- Directions for this task -
In the listing that follows, the range to quote begins at the line that has "Dev Q&A 💌 Optimizations, New" and ends after the line that has "Hotel GHM Monachil"; quote it verbatim and add nothing.

- Source records -
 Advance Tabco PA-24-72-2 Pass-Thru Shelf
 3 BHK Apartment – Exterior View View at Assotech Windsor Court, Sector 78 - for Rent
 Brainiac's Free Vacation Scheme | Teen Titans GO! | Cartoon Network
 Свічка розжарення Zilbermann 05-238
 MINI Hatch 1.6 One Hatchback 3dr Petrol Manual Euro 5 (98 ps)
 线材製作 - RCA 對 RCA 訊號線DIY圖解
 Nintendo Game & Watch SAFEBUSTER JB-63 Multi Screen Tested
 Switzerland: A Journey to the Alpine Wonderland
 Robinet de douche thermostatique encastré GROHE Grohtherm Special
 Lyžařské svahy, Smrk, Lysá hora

* * *

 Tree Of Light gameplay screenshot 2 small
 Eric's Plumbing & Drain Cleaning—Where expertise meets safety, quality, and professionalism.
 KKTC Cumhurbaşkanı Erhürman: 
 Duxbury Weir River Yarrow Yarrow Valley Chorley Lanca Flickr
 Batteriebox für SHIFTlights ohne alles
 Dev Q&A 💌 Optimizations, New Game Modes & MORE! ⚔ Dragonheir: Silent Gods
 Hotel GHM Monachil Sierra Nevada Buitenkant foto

* * *

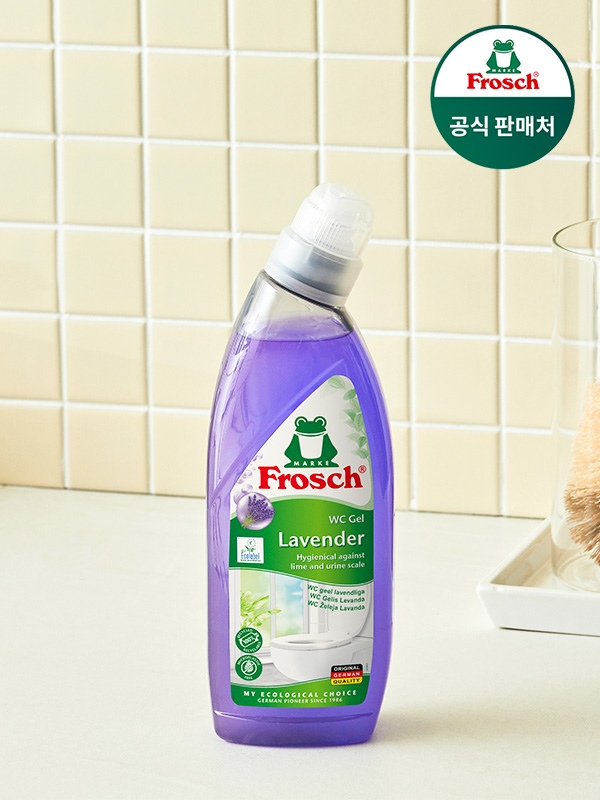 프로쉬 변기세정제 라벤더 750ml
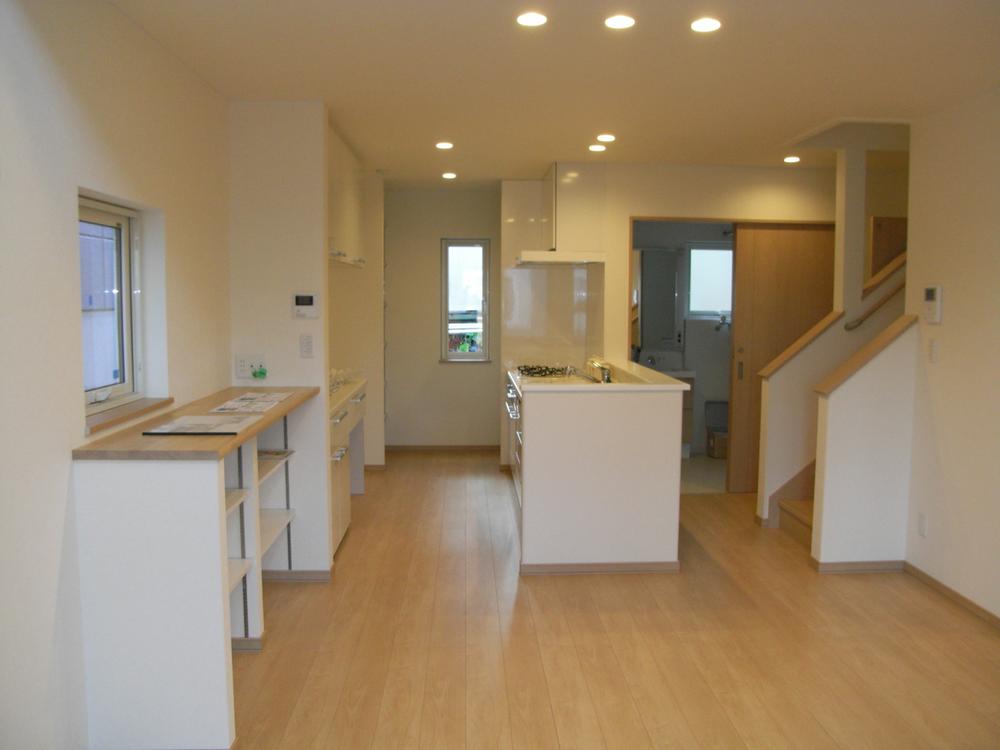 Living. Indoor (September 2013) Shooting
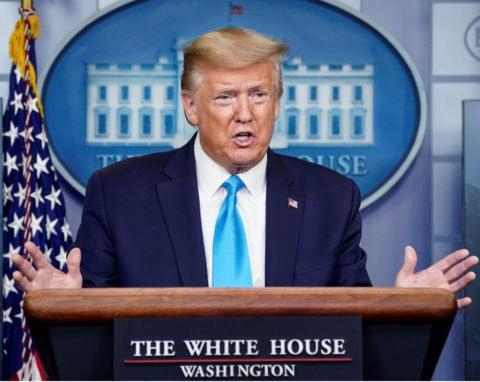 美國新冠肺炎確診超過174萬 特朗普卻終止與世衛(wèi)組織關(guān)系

- Response to this exercise -
 Dev Q&A 💌 Optimizations, New Game Modes & MORE! ⚔ Dragonheir: Silent Gods
 Hotel GHM Monachil Sierra Nevada Buitenkant foto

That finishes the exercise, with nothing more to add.